Exercise: The reply is to contain the full listing, repeated exactly, with pictures left out.

The input:

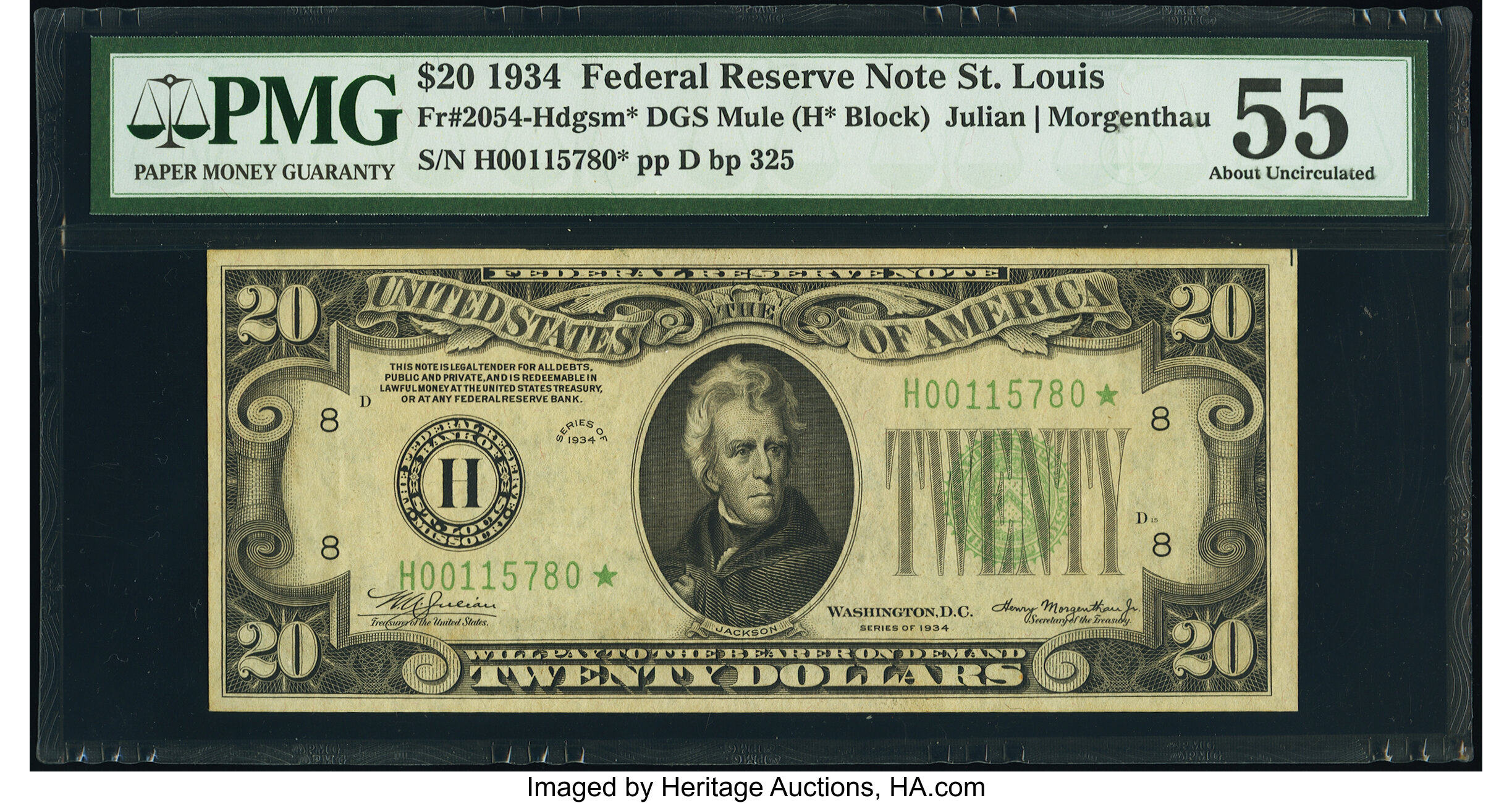 image for: Fr. 2054-H* $20 1934 Dark Green Seal Mule Federal Reserve Star Note. PMG About Uncirculated 55....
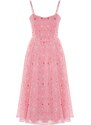 Trendyol Růžový Květinový A-linie Strappy Mini tkané šaty
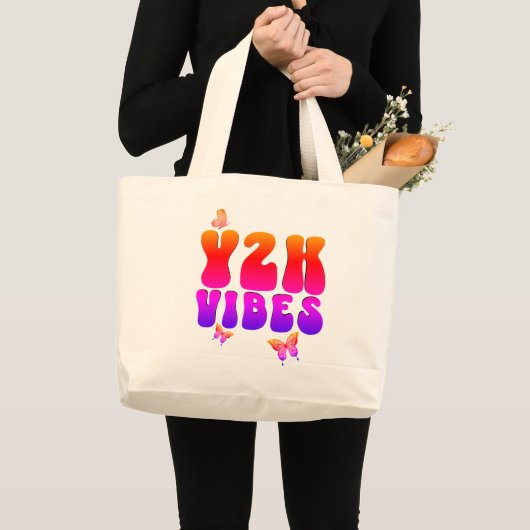 Y2K VIBES Butterfly Jumbo Stoffbeutel (Vorderseite (Produkt))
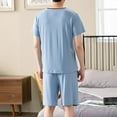 thumbnail image 6 of Kureaily Men's Sleepwear Soft Smooth Short Sleeve Short Pant Sleepwear Man With Pockets Two Piece Pajamas Soft Lightweight Sleep Sets, 6 of 6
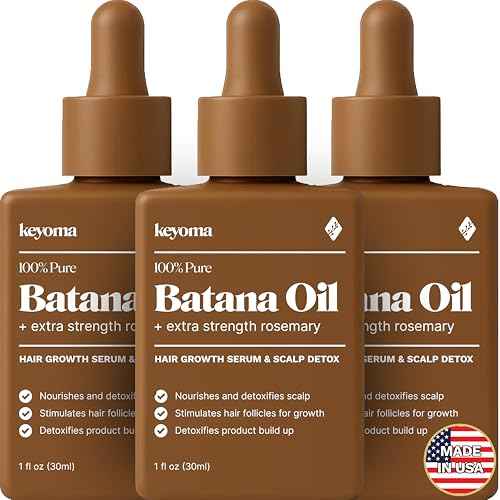 Keyoma Batana Oil for Hair Growth with Rosemary: Nourish & Detox Scalp for Thicker, Stronger, Longer Hair - 100% Organic Batana Oil from Honduras - Reduce Hair Loss (90 mL)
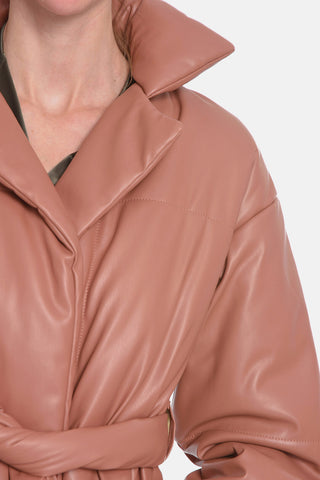 Eco-leather Padded Coat with Belt
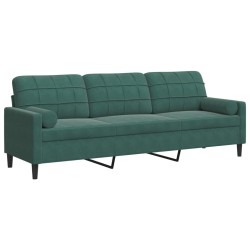 Canapé 3 places avec oreillers vert foncé 210 cm velours 616862616862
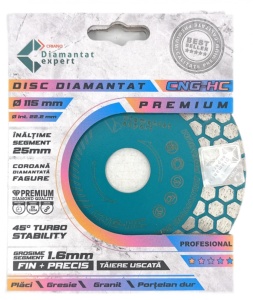Disc pt. tăiere și șlefuire plăci dure și gresie dură DiamantatExpert Premium 125x22.23 mm - DXDY.CNG-HC.115 - Img 2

Written reply:
 image for: Fr. 2054-H* $20 1934 Dark Green Seal Mule Federal Reserve Star Note. PMG About Uncirculated 55....
 Trendyol Růžový Květinový A-linie Strappy Mini tkané šaty
 Y2K VIBES Butterfly Jumbo Stoffbeutel (Vorderseite (Produkt))
 thumbnail image 6 of Kureaily Men's Sleepwear Soft Smooth Short Sleeve Short Pant Sleepwear Man With Pockets Two Piece Pajamas Soft Lightweight Sleep Sets, 6 of 6
 Keyoma Batana Oil for Hair Growth with Rosemary: Nourish & Detox Scalp for Thicker, Stronger, Longer Hair - 100% Organic Batana Oil from Honduras - Reduce Hair Loss (90 mL)
 Eco-leather Padded Coat with Belt
 Canapé 3 places avec oreillers vert foncé 210 cm velours 616862616862
Disc pt. tăiere și șlefuire plăci dure și gresie dură DiamantatExpert Premium 125x22.23 mm - DXDY.CNG-HC.115 - Img 2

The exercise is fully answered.